* **WHAT TO WORK ON**:
Report every line of the data that includes "Newborn".

(Short descriptive text snippets)
----------------
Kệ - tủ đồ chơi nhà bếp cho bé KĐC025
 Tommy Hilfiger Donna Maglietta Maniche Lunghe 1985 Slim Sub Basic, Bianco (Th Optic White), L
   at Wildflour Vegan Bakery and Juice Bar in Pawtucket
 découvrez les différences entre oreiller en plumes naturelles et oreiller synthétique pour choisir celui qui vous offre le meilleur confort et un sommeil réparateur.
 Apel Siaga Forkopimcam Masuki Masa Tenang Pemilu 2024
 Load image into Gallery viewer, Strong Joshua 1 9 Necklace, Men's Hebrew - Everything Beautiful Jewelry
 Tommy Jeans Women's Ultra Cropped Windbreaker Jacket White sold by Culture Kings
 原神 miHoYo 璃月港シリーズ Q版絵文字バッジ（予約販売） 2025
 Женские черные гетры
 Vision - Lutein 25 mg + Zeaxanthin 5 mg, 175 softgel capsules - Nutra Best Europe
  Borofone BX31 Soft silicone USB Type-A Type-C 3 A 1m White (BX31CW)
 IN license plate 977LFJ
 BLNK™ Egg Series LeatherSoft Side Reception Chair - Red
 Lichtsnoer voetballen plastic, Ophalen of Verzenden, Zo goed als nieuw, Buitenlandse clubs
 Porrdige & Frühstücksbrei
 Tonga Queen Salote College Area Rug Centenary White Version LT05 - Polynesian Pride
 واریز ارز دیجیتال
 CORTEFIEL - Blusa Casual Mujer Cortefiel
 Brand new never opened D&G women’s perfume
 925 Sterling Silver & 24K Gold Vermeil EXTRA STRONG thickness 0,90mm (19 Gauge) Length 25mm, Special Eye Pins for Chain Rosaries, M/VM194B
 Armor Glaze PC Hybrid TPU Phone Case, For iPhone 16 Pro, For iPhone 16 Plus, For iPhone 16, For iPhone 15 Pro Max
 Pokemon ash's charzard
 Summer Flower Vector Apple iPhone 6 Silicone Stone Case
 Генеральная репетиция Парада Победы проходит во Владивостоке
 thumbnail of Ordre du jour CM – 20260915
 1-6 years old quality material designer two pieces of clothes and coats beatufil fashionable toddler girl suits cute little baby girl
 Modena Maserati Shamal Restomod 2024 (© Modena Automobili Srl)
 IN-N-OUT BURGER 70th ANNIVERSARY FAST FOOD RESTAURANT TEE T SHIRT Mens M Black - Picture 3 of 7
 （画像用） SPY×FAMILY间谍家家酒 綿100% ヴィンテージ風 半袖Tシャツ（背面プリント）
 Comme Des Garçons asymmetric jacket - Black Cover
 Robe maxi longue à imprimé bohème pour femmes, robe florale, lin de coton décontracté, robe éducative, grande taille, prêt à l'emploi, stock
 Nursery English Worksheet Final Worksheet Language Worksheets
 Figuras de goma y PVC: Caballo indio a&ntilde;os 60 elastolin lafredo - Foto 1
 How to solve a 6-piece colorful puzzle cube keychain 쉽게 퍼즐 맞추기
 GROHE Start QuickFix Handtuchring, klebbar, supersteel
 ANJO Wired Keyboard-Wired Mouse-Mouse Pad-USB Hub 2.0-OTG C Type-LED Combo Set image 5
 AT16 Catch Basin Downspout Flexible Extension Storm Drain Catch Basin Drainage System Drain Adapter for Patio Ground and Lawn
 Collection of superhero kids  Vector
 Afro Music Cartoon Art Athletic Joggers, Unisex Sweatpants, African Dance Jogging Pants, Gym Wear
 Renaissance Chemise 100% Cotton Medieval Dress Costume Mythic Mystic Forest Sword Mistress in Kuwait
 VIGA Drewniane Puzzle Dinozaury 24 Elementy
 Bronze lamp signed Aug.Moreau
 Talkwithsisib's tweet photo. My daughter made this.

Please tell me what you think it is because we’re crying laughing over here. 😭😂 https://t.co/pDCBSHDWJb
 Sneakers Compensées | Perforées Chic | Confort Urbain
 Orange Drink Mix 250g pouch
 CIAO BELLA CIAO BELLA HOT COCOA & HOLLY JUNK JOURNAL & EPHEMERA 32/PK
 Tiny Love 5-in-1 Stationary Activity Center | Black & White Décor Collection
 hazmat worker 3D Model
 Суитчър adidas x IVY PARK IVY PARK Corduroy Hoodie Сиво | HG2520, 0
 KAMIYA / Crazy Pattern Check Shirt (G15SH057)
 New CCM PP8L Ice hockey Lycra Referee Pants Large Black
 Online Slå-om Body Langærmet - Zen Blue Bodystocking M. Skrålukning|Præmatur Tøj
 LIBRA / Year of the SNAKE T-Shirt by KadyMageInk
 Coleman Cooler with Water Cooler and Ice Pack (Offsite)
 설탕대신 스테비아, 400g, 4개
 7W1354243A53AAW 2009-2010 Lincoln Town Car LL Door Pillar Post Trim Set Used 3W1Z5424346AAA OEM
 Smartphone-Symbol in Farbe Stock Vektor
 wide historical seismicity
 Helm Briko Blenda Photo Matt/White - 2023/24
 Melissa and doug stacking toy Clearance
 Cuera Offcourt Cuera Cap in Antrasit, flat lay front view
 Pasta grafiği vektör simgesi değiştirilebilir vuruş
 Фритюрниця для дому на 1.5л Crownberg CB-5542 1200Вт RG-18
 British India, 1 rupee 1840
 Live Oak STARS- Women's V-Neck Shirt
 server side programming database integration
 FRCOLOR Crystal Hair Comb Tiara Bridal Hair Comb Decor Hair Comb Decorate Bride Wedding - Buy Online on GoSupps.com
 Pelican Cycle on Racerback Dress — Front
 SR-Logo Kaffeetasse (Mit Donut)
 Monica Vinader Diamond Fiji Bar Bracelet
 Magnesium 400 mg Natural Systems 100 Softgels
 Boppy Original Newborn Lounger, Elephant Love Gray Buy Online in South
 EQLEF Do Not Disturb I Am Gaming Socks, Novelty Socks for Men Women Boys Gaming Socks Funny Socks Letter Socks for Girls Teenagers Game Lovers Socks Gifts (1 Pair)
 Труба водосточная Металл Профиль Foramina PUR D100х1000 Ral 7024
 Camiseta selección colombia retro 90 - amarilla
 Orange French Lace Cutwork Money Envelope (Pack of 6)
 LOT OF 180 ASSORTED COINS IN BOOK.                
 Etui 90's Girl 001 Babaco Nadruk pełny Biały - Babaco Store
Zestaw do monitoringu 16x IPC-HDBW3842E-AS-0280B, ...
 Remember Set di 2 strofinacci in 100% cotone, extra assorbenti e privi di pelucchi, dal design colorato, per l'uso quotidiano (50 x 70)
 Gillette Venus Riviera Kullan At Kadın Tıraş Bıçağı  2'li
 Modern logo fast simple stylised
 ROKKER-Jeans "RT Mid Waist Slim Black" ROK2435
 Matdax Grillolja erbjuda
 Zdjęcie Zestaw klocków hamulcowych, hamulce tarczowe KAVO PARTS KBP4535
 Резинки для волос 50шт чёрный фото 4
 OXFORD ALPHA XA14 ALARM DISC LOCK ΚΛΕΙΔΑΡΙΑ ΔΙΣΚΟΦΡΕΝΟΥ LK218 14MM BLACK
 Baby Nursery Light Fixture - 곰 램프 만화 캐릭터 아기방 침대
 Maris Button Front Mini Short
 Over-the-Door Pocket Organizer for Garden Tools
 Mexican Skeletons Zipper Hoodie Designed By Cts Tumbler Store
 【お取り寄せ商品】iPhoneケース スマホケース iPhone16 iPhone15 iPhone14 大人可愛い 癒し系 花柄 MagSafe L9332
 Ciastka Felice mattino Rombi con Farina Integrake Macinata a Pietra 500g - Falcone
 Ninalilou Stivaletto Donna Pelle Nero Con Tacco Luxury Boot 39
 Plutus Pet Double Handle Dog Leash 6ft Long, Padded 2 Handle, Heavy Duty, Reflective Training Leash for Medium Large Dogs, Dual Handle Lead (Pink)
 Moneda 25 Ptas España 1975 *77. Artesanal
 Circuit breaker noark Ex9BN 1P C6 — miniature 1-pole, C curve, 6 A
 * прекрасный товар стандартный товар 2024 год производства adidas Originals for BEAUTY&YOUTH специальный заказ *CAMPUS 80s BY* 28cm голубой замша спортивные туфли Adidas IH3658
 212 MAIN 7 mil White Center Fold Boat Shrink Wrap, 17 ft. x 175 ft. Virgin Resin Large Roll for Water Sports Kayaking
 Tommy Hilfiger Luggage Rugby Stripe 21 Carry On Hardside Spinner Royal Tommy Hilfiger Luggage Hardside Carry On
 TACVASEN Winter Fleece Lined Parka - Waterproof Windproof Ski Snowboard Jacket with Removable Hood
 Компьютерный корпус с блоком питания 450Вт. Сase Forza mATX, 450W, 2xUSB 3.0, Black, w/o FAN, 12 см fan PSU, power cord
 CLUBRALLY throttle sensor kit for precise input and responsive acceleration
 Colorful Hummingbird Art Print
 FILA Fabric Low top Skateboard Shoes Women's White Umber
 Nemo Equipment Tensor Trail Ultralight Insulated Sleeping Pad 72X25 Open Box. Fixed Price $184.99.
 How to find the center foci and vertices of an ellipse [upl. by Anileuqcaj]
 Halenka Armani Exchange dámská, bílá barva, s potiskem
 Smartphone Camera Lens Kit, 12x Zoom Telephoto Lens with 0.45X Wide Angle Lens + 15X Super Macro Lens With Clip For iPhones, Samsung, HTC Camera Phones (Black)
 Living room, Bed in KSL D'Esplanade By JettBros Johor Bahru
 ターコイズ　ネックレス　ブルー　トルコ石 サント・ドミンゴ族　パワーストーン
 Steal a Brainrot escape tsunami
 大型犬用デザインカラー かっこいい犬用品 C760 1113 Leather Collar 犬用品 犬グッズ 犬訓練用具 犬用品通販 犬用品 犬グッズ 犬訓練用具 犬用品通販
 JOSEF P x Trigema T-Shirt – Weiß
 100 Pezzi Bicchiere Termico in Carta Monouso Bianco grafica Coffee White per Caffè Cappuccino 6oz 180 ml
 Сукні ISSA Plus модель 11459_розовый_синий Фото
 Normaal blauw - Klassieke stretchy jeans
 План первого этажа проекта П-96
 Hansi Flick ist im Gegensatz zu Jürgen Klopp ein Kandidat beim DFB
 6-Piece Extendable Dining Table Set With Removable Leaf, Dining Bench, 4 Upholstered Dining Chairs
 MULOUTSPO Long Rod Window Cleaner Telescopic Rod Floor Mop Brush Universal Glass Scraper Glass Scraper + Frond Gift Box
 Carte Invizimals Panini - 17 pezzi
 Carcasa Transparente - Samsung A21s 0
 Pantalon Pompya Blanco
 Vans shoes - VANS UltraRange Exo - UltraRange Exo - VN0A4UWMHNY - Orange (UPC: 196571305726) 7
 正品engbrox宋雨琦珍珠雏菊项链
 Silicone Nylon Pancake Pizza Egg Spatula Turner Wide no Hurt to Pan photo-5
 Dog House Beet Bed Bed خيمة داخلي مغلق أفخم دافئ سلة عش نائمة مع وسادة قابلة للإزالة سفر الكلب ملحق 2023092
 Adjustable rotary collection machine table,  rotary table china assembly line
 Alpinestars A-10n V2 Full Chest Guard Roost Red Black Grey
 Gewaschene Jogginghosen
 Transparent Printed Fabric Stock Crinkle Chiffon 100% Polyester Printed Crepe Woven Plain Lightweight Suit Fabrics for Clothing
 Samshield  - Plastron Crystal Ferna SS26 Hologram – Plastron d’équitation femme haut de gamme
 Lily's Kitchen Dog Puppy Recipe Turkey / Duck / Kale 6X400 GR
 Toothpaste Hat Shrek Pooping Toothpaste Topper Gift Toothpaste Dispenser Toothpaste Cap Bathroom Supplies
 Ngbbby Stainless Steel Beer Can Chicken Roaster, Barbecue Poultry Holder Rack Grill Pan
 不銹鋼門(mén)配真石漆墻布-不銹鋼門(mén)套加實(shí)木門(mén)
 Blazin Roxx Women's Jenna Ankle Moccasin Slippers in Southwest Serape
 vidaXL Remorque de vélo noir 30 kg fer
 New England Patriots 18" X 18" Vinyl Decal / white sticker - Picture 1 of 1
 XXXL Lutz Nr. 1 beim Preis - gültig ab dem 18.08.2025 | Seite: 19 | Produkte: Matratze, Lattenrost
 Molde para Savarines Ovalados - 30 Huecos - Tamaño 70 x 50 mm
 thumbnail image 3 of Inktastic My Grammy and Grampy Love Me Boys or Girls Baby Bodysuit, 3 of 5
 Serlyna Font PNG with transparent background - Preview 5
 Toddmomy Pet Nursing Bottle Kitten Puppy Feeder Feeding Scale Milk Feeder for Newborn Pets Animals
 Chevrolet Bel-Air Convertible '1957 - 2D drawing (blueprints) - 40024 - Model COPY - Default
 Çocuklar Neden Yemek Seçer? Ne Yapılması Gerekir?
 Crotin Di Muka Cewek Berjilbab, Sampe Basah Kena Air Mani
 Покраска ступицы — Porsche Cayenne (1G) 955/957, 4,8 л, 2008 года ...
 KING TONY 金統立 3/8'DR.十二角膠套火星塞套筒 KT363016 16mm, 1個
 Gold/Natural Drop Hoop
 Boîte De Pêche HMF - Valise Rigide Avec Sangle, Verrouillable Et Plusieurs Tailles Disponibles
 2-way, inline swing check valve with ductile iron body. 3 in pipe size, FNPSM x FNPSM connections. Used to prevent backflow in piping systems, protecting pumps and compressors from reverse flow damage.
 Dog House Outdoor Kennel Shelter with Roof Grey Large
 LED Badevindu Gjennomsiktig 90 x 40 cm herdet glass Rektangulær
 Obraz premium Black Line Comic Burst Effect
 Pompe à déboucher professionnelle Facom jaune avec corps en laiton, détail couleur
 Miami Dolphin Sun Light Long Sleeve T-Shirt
----------------
* **WORKED SOLUTION**:
 Boppy Original Newborn Lounger, Elephant Love Gray Buy Online in South
 Toddmomy Pet Nursing Bottle Kitten Puppy Feeder Feeding Scale Milk Feeder for Newborn Pets Animals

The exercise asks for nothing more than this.